Glad it's been diagnosed.

> A few follow-up questions:
>
> 1. Is there anything I could have/should have done to make it easier for
> me realize this was the problem? Even just showing more frames from
> the recursive stack might have clued me.

Hardly. This is an extremely esoteric problem -- I have only ever seen
it reported once before, but a super high performance internal app. I
am still struggling with what would be the best way to diagnose this
automatically. We have
http://code.google.com/p/appengine-ndb-experiment/issues/detail?id=167
to track this -- maybe you could star it.
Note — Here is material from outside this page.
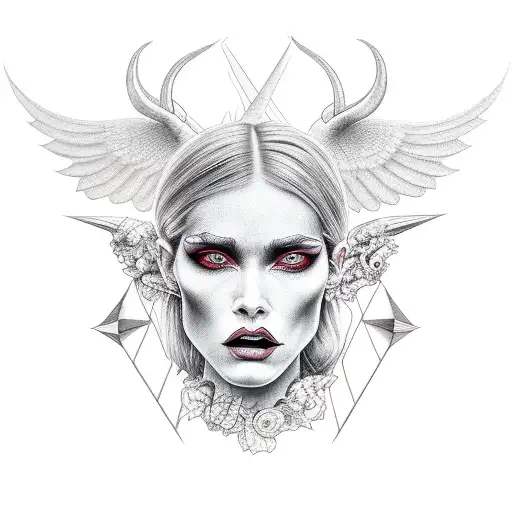 Satan As A Beautiful Female Full Body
> 2. Just to clarify my understanding: is the issue specifically making
> synchronous calls in a tasklet;

Yes.

> or is any mixing sync/async in the
> same function dangerous?

No.

> More concretely, is this pattern safe:
>
> def munch_stuff():
> # synchronously fetch some entities
> stuff = ndb.get_multi(...)
>
> # process each concurrently with munch tasklet
> result = yield [munch(c) for c in candidates]

That's not safe, assuming you forgot to show the @ndb.tasklet
decorator (otherwise, how could the yield have worked).
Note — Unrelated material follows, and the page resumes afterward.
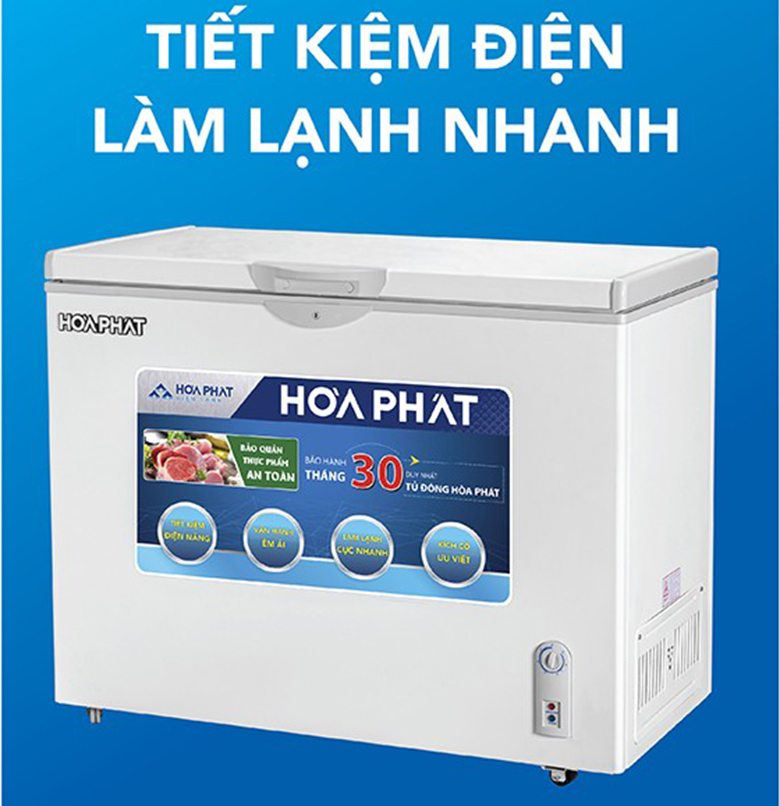 Tủ Đông Hòa Phát HCF-516S1Đ1 252 Lít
> 2b. If the above is *not* safe, and I need to change the first line to:
>
> stuff = yield ndb.get_multi_async(...)
>
> then how do I use munch_stuff in conjunction with 'deferred'?
>
> It would seem that marking it with a toplevel/tasklet decorator isn't
> enough (deferred complains about failing to pickle the function).
>
> Or, would this configuration be unsupported by deferred?

Oh, deferred. It has too many arbitrary limitations. The best thing to
do is to only ever use it with simple global functions that only takes
simple types (e.g. ints and strings, maybe lists of those) as
arguments.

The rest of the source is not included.